AnalyticDB:Use CatBoost to train GBDT models

Last Updated:Apr 08, 2025

In data mining scenarios such as advertisement click prediction, game user payment or churn prediction, and automatic email classification, you need to train classification models based on historical data to predict subsequent behaviors. You can use AnalyticDB for MySQL Spark and CatBoost to train Gradient Boosting Decision Tree (GBDT) models for data classification and prediction.

Prerequisites

Procedure

Step 1: Prepare and upload Maven dependencies to OSS

  1. Use one of the following methods to obtain Maven dependencies:

    • Download the JAR package of Maven dependencies.

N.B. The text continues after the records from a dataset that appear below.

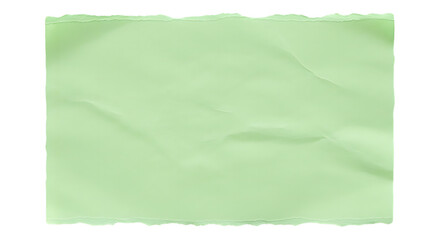 Obraz premium Light green crumpled paper square with torn edges isolated on transparent background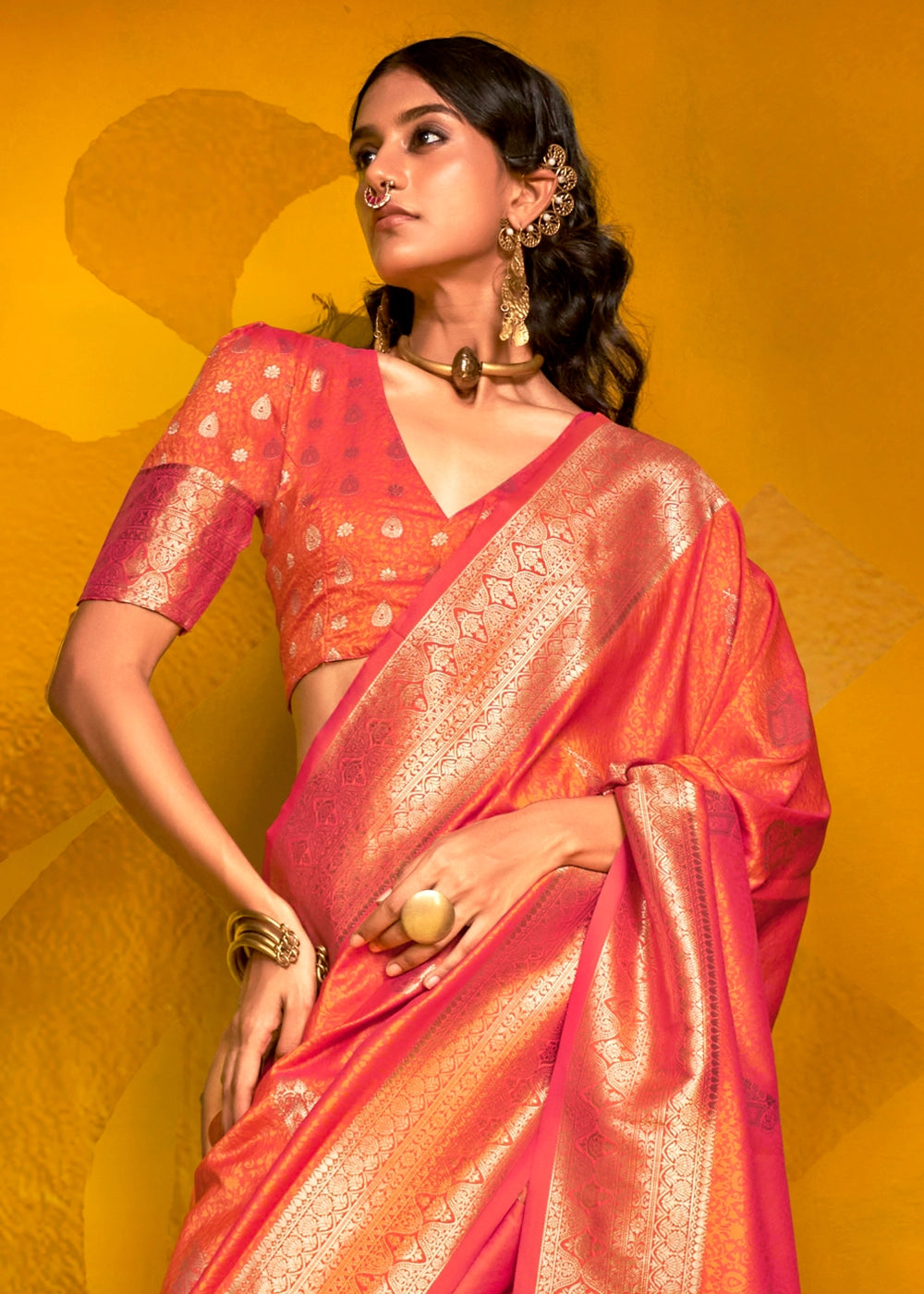 Orangish Pink Silk Saree Handwoven with Brocade Blouse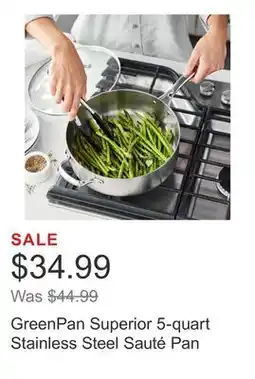 Costco GreenPan Superior 5-quart Stainless Steel Sauté Pan offer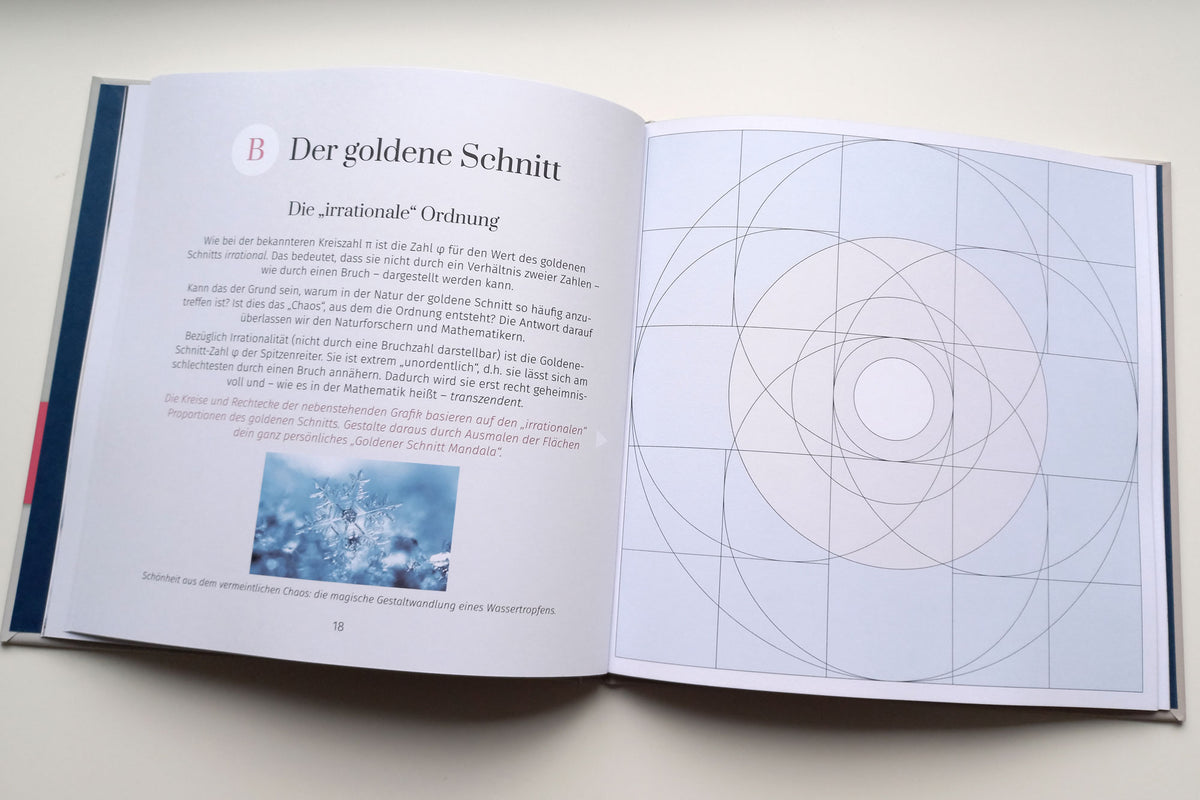Limitierter Erstdruck: Mal - und Lernbuch "Die Magie des goldenen Schnitts", Hardcover, 40 Seiten - BONANI Design Buch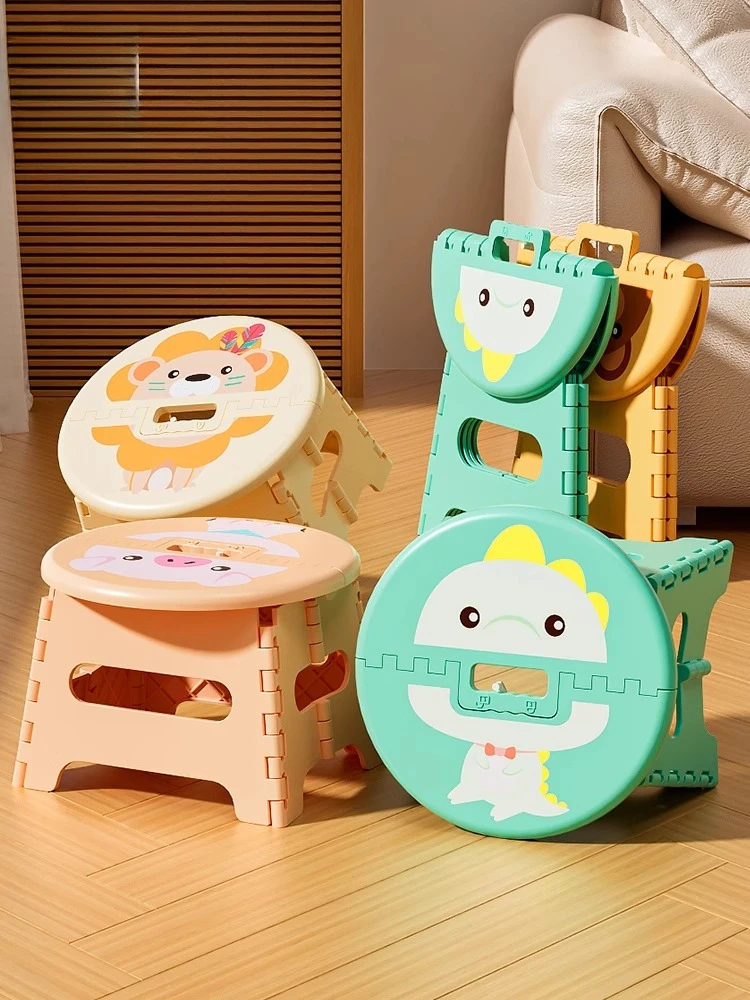

Thickened folding stool plastic portable household small bench cartoon creative children low stool adult outdoor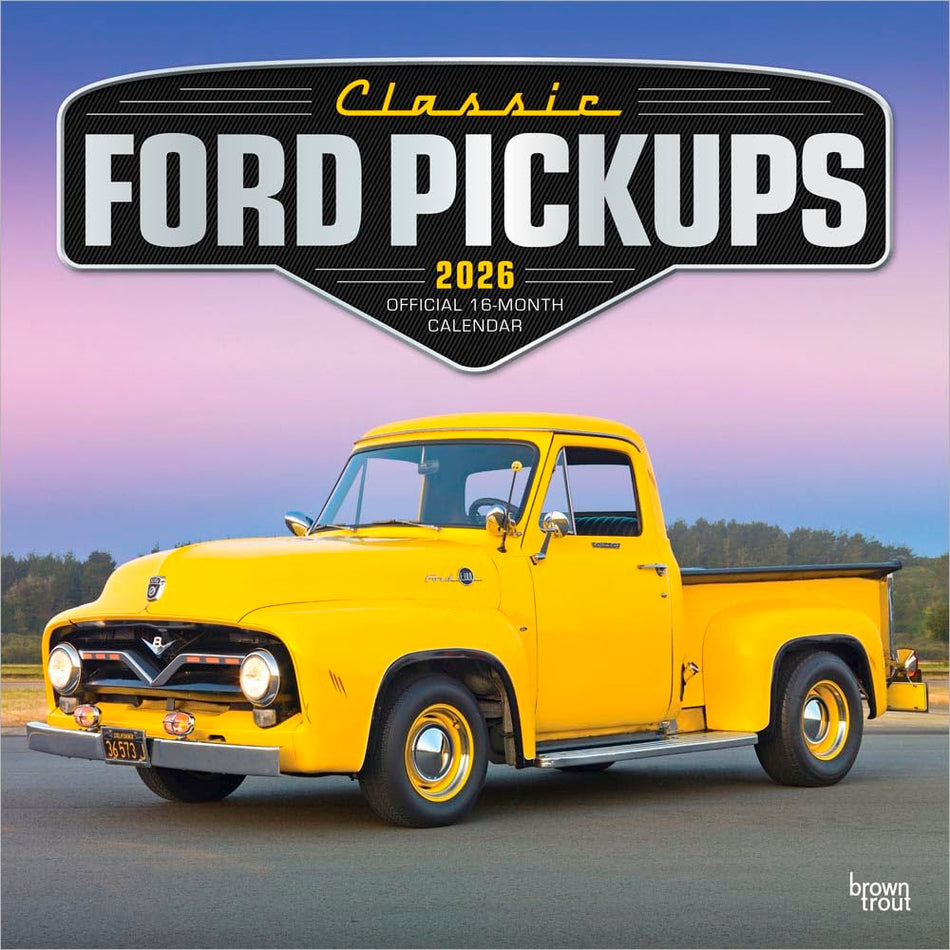 Browntrout: Classic Ford Pickups OFFICIAL: 2026 12 x 24 Inch (Hanging) Monthly Square Wall Calendar | Foil Stamped Cover | Plastic-Free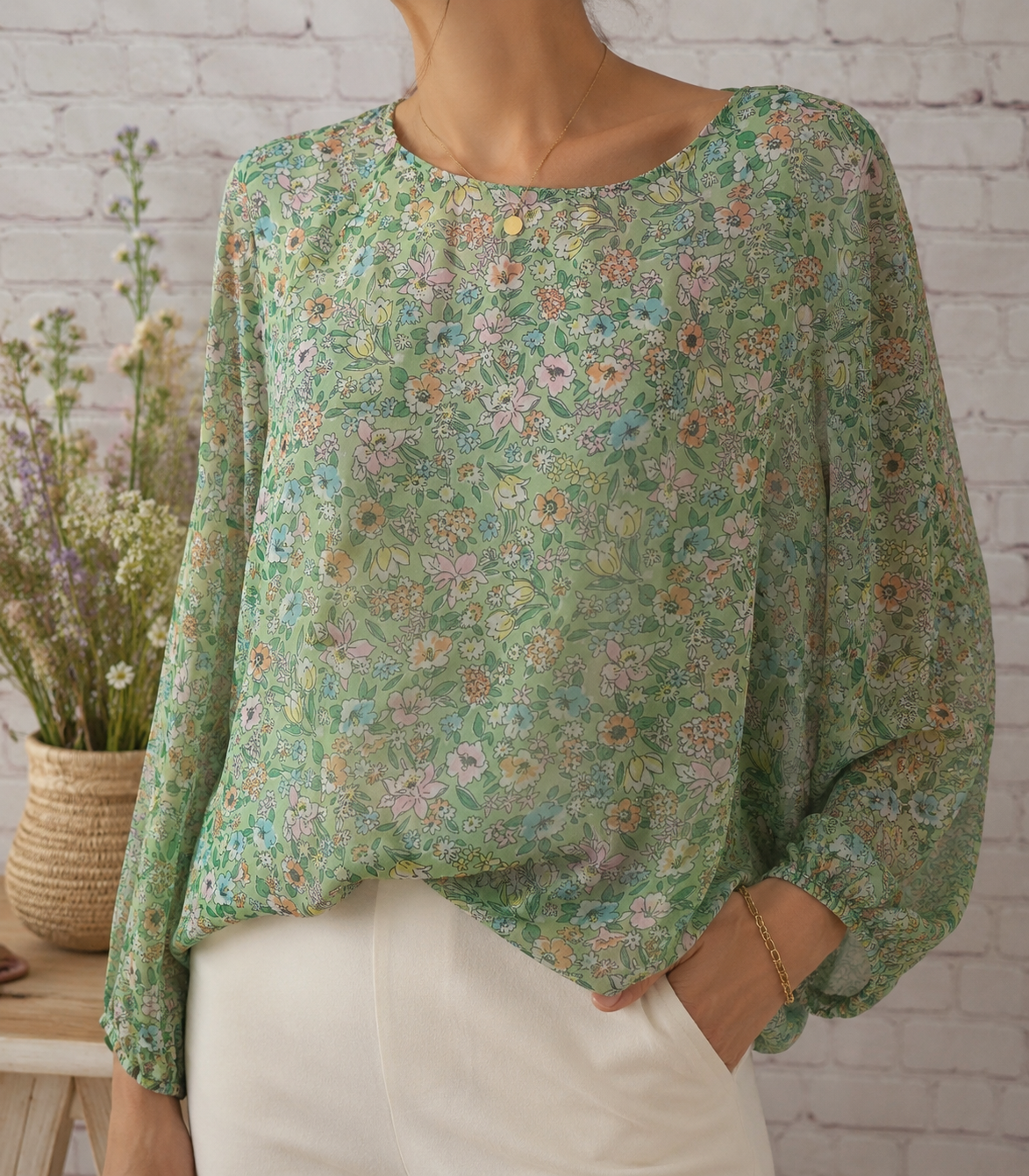 KAREN DAMEN - Blouse en voile fleurie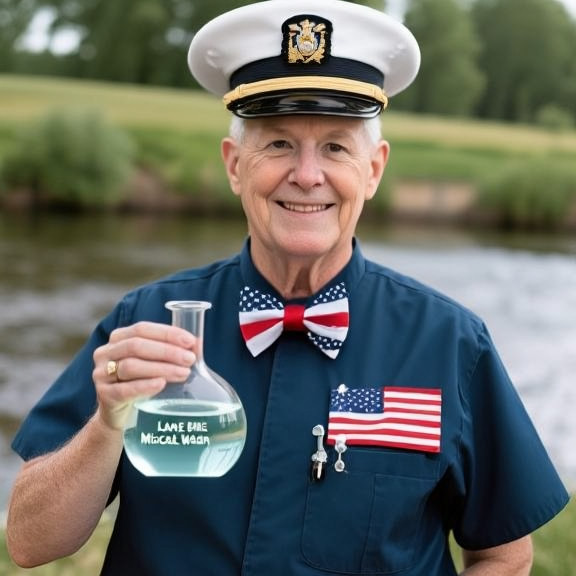 nurse in scrubs holding a flask of "Lake Erie Miracle Water"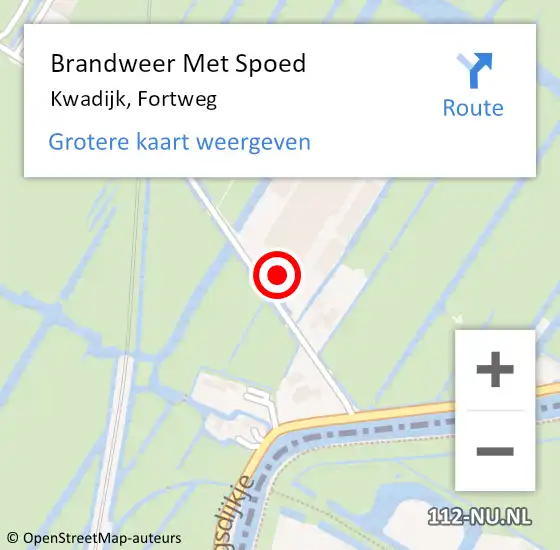 Locatie op kaart van de 112 melding: Brandweer Met Spoed Naar Kwadijk, Fortweg op 21 augustus 2017 21:41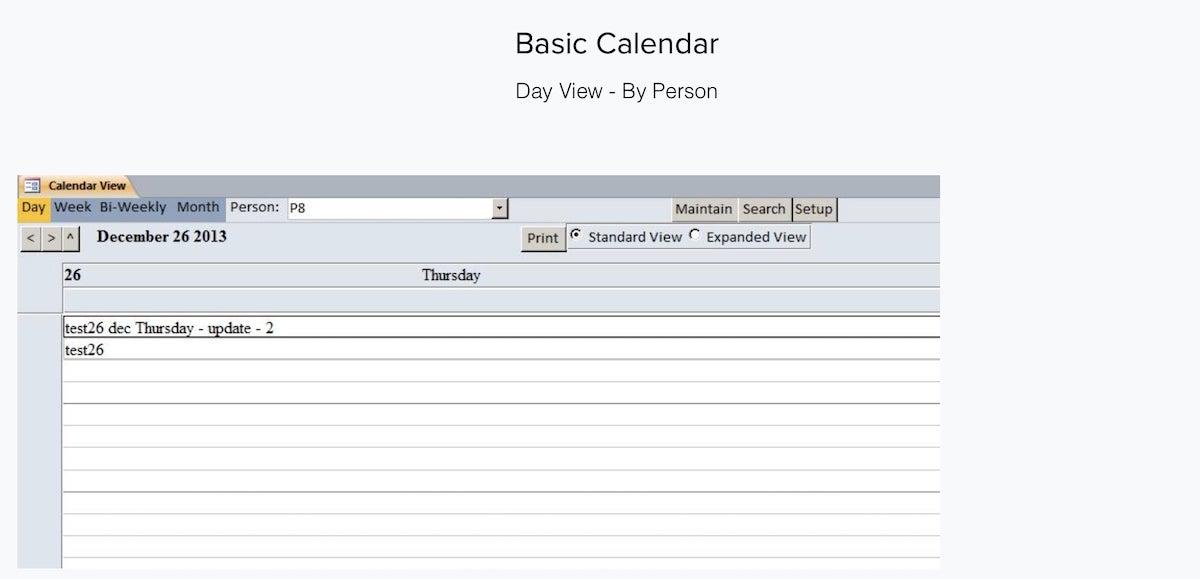 Modello di database di calendari di MS Access da modelli di Access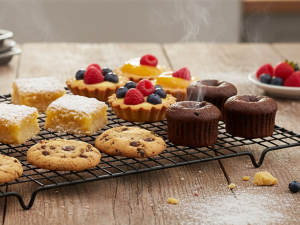 Tebery 4 Pack Black Heavy-Duty Wire Cooking Rack Baking Racks, Nonstick Baking & Cooling Grid for Roasting, Cooking, Grilling, Drying - 16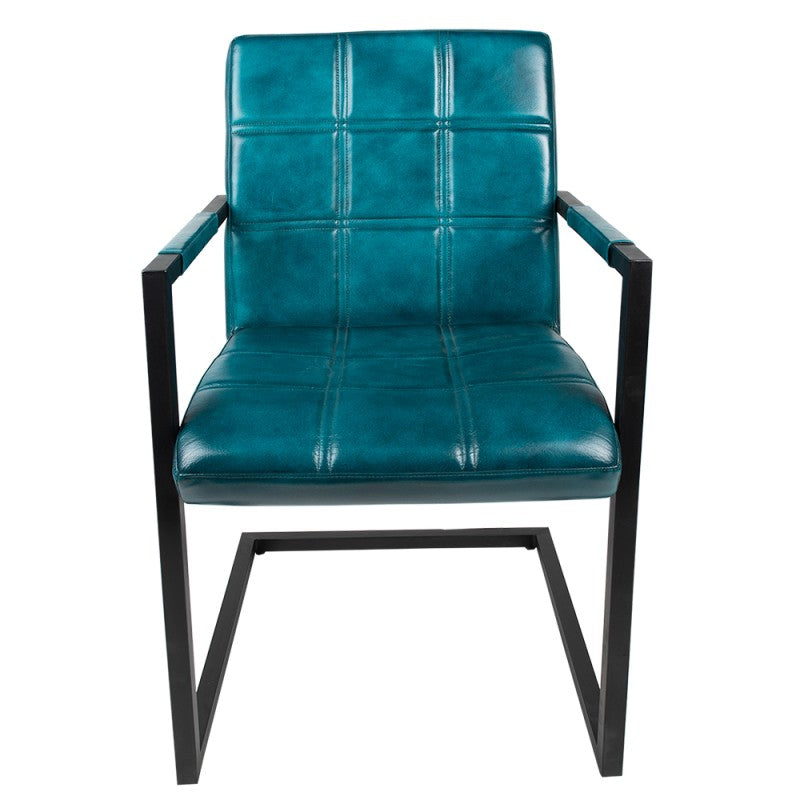Chaise en cuir et métal turquoise - RESIA - meuble-ebeniste.com devient meuble-ebeniste.fr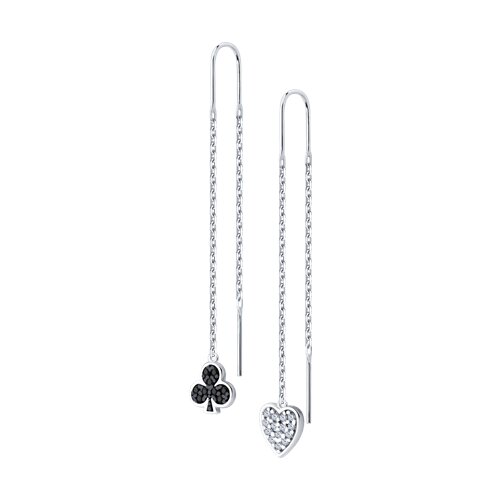 серьги из серебра с фианитами
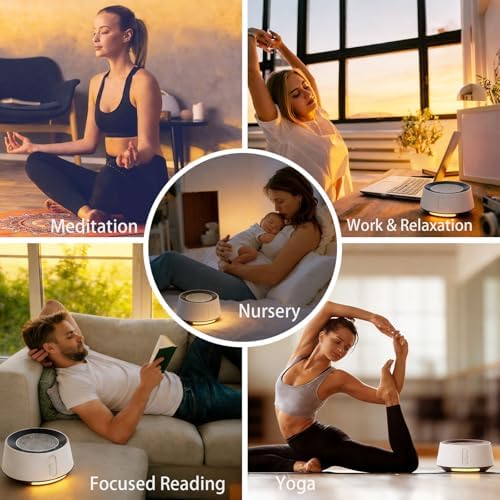 White Noise Sound Machine with 20 Soothing Sounds, 10 Colors Night Light Sleep Machines Home Office Travel, 5 Timers and Memory Feature Sound Machine for Nursery Baby Kids Adults (White) - Image 6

    • Configure Maven dependencies in the pom.xml file in IntelliJ IDEA. Sample code:

      <project xmlns="http://maven.apache.org/POM/4.0.0" xmlns:xsi="http://www.w3.org/2001/XMLSchema-instance"
               xsi:schemaLocation="http://maven.apache.org/POM/4.0.0 http://maven.apache.org/xsd/maven-4.0.0.xsd">
          <modelVersion>4.0.0</modelVersion>
      
          <groupId>com.aliyun.adb.spark</groupId>
          <artifactId>CatBoostDemo</artifactId>
          <version>1.0</version>
          <packaging>jar</packaging>
      
          <properties>
              <project.build.sourceEncoding>UTF-8</project.build.sourceEncoding>
          </properties>
      
          <dependencies>
              <dependency>
                  <groupId>ai.catboost</groupId>
                  <artifactId>catboost-spark_3.5_2.12</artifactId>
                  <version>1.2.7</version>
              </dependency>
              <dependency>
                  <groupId>org.apache.spark</groupId>
                  <artifactId>spark-launcher_2.12</artifactId>
                  <version>3.5.1</version>
                  <scope>provided</scope>
              </dependency>
              <dependency>
                  <groupId>org.apache.spark</groupId>
                  <artifactId>spark-core_2.12</artifactId>
                  <version>3.5.1</version>
                  <scope>provided</scope>
              </dependency>
              <dependency>
                  <groupId>org.apache.spark</groupId>
                  <artifactId>spark-sql_2.12</artifactId>
                  <version>3.5.1</version>
                  <scope>provided</scope>
              </dependency>
              <dependency>
                  <groupId>com.aliyun.oss</groupId>
                  <artifactId>aliyun-sdk-oss</artifactId>
                  <version>3.16.2</version>
                  <scope>provided</scope>
              </dependency>
              <dependency>
                  <groupId>org.apache.spark</groupId>
                  <artifactId>spark-mllib_2.12</artifactId>
                  <version>3.5.1</version>
                  <scope>provided</scope>
              </dependency>
          </dependencies>
      
          <build>
              <plugins>
                  <plugin>
                      <groupId>net.alchim31.maven</groupId>
                      <artifactId>scala-maven-plugin</artifactId>
                      <version>4.4.0</version>
                      <executions>
                          <execution>
                              <goals>
                                  <goal>compile</goal>
                                  <goal>testCompile</goal>
                              </goals>
                          </execution>
                      </executions>
                  </plugin>
                  <plugin>
                      <groupId>org.apache.maven.plugins</groupId>
                      <artifactId>maven-shade-plugin</artifactId>
                      <version>3.1.1</version>
                      <configuration>
                          <createDependencyReducedPom>false</createDependencyReducedPom>
                      </configuration>
                      <executions>
                          <execution>
                              <phase>package</phase>
                              <goals>
                                  <goal>shade</goal>
                              </goals>
                          </execution>
                      </executions>
                  </plugin>
              </plugins>
          </build>
      </project>
  2. If you configure Maven dependencies in the pom.xml file in IntelliJ IDEA, run the mvn clean package -DskipTests command to package the dependencies. If you download the package of Maven dependencies from a link, skip this step.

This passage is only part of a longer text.